First move: Lead with the exact system/location/problem, then show the measurement/photo.

Use when: You need to bring a field issue to a journeyman, foreman, detailer, or PM.

Ask when: Use this anytime the next move changes route, size, access, schedule, support, coordination, or inspection.

Before Moving a Hanger or Brace

First move: Treat supports and seismic bracing as engineered/approved until told otherwise.

Use when: A hanger/brace is in the way, missing, too short, misaligned, or conflicts with another trade.

Ask when: Ask whenever support spacing, anchor type, seismic brace, structural attachment, load path, or trapeze arrangement changes.

Before Touching Grease Duct

First move: Treat grease duct as red-zone work. Identify, document, and ask before modifying.

Use when: You are working on kitchen exhaust, grease duct, hood exhaust, welded duct, fire wrap, cleanouts, or access doors.

Ask when: Always ask when grease duct work involves access, welds, wrap, slope, penetrations, offsets, clearances, or coordination conflicts.

Before Sealing a Flange Leak

First move: Check mechanical fit-up first. Sealant is not a substitute for a bad joint.

Use when: A rectangular flanged joint leaks, looks open, is misaligned, has gasket trouble, or fails prep for test.

Ask when: Ask when the joint is physically wrong, damaged, missing parts, wrong system, or when sealing method/spec is unclear.

Before Installing Flex

First move: Plan the route so the flex is short, supported, not kinked, and mechanically connected.

Use when: You are installing flex to diffusers, boots, collars, boxes, or branch connections.

Ask when: Ask when flex route is too long, collar is blocked, ceiling conflicts exist, connection is inaccessible, or support method is unclear.

Before Treating Industrial Duct Like Normal HVAC

First move: Identify the system and approved construction method before assuming normal duct rules apply.

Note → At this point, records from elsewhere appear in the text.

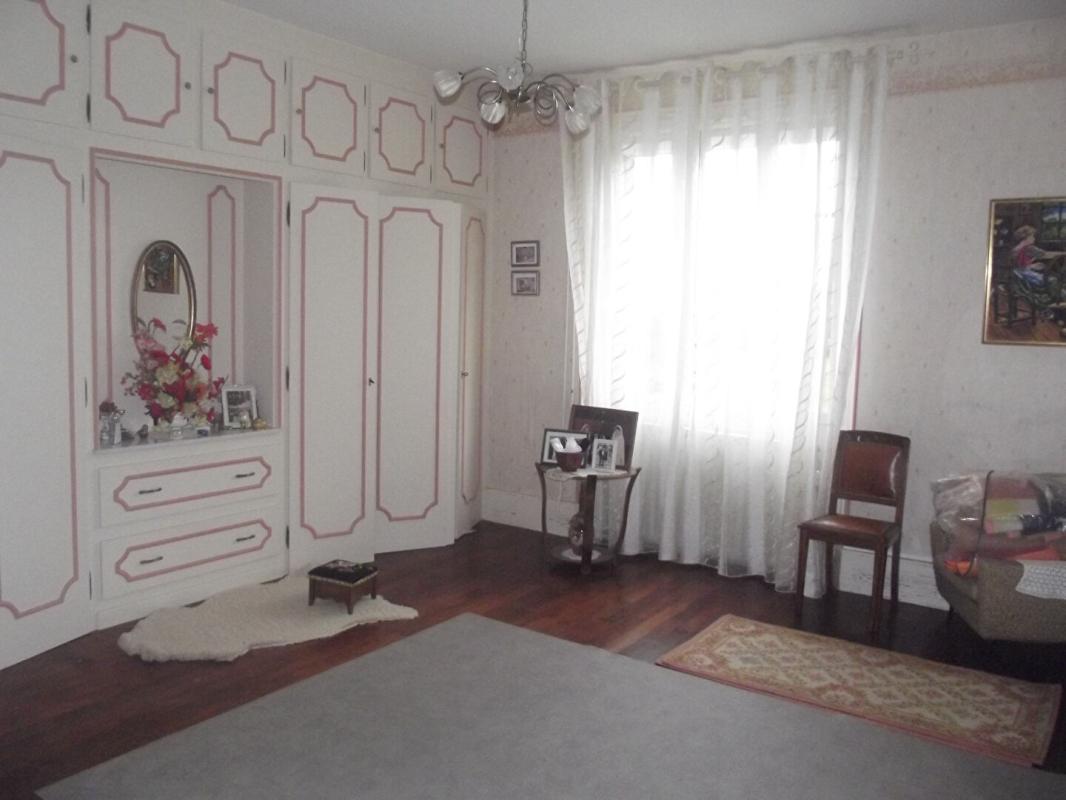 MAIZIERES-LES-BRIENNE Belle maison plain pied 8
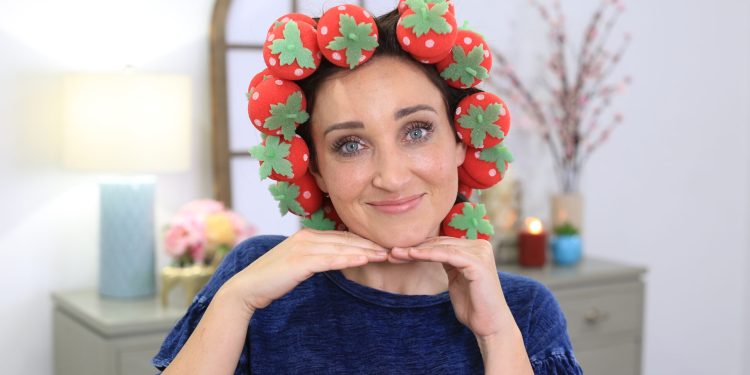 No-Heat Curls with Strawberries | Fab or Fail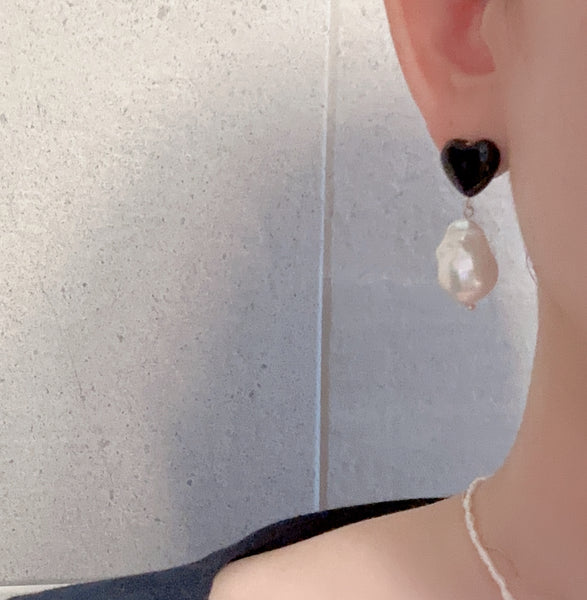 onyx coeur   oyster baroque pearl ピアス　イヤリング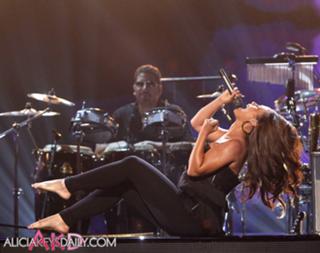 Alicia Keys feet photo thumbnail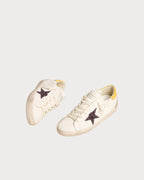 GOLDEN GOOSE Women’s Bio - based Super - Star with red glitter star and leather heel tab | 黄金鹅 黄金鹅 女款 Bio - based Super - Star 搭配红色亮片星星与皮革后跟标签(白色) - LondonKelly 英国名牌代购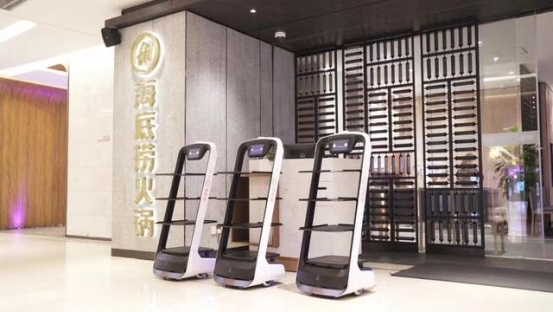 中國(guó)市場(chǎng)這么大，送餐機(jī)器人助力4萬(wàn)億餐飲業(yè)轉(zhuǎn)型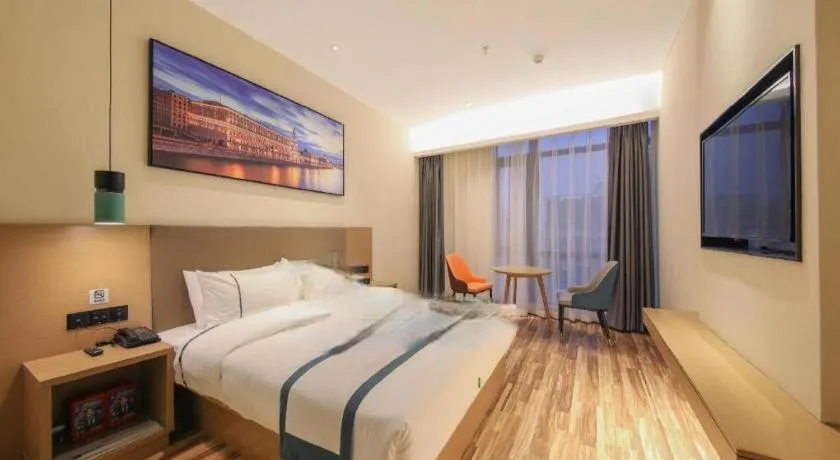 Bed in City Comfort Inn Wuhan Optics Valley Technology Exhibition Center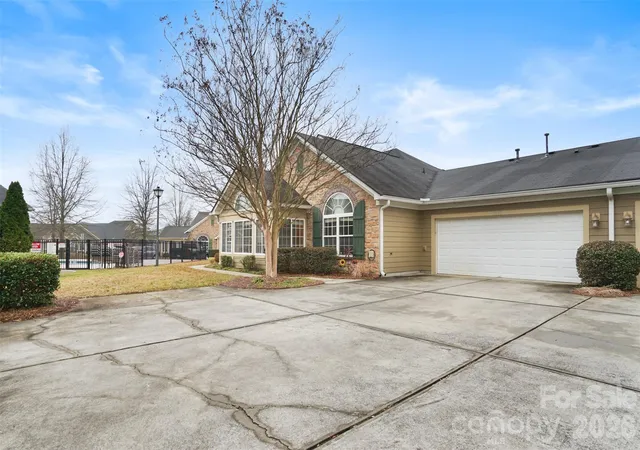3rd image of 5518 Prosperity Vw Dr, Charlotte, NC 28269
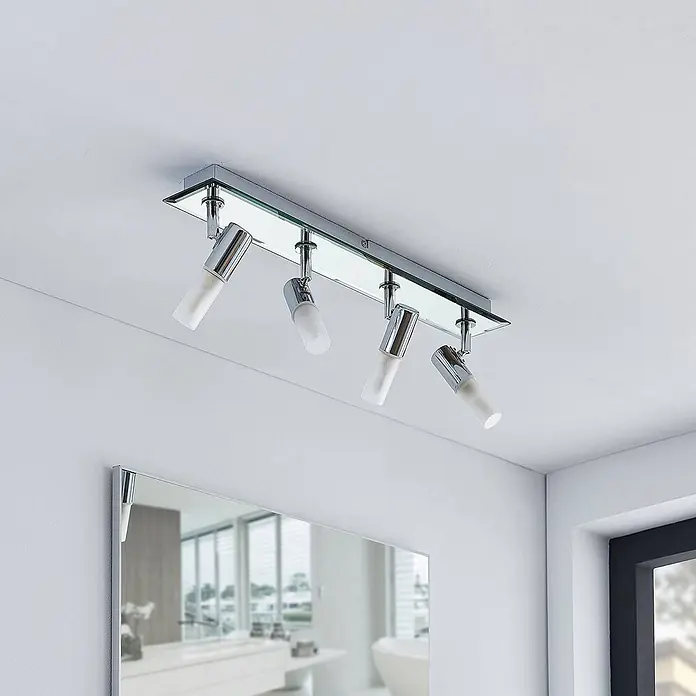 Lindby Deckenstrahler Zela - L x B x H: 53 x 13,5 x 11 cm, chrom / silber, G9 - Vier verstellbare Chrom-Deckenstrahler mit Milchglas-Diffusoren auf rechteckiger Spiegelplatte, über Badspiegel montiert.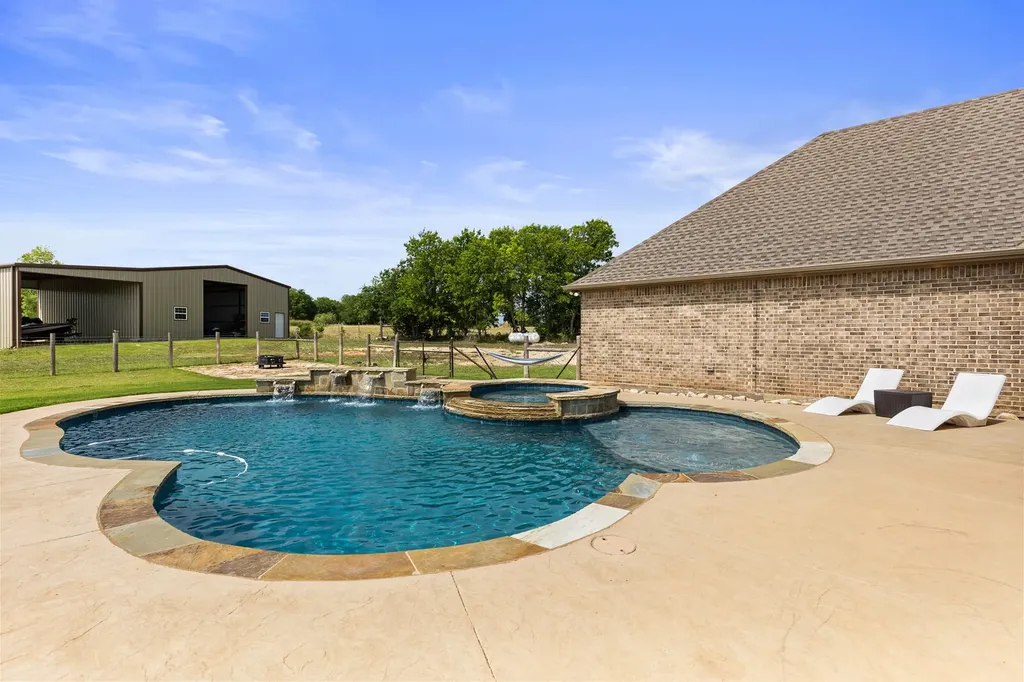723 W Lee Avenue Whitney TX 76692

Use when: The duct is industrial, heavy gauge, welded, stainless/aluminum, dust/fume exhaust, high pressure, or not normal comfort-air duct.

Ask when: Ask anytime industrial/specialty duct has material, support, access, weld, slope, pressure, or safety requirements you are not sure about.

Before You Send a Field Photo

First move: Take one wide photo, one close photo, and one measurement photo.

Use when: You need to text/send a field condition, conflict, missing part, wrong fitting, access issue, or damage.

Ask when: Use anytime the answer depends on field condition and someone not standing next to you needs to understand it.

Lift Day Checklist

First move: Know who is in charge of the lift and where apprentices are allowed to stand before the pick starts.

Use when: A crane pick, RTU set, curb adapter, large duct lift, or other equipment pick is coming and apprentices need to know where to stand and what not to touch.

Ask when: Ask before lift day starts if your role, standing area, signal person, or exclusion zone is unclear.

Pre-Cover Walk Checklist

First move: Walk the run like someone else will inspect it after it is hidden.

Use when: You are doing a ceiling-close, insulation, hard-lid, or pre-cover walk and need to catch hidden-work problems before they disappear.

Ask when: Ask when any item affects access, seal, support, rating, TAB, inspection, or owner service.

Leakage Test Failed: Find the Leak

First move: Ask what section failed, what pressure/limit applied, and where the test setup was connected.

Use when: A duct section failed leakage or pressure test and the crew needs to find likely leak paths before retest.

Ask when: Ask when the leak is caused by bad fit-up, missing parts, damaged metal, unclear test limits, or wrong seal method.

Field Photo Checklist

First move: Take a wide photo, a close photo, and a measurement/reference photo.

Use when: You need to send a field condition, damage, mismatch, material problem, access issue, or measurement to someone who is not standing there.

Ask when: Use this whenever the answer depends on field condition and the decision maker is remote.

Wrong Material or Fitting Delivered

First move: Stop the install and prove the mismatch with photos, measurements, and drawing/spec reference.

Use when: The shop/supplier/staging area has the wrong fitting, wrong size, wrong material, wrong tape, or wrong spec item.

Ask when: Ask when the material/fitting/spec does not match, or when the fix changes route, size, material, access, inspection, or cost.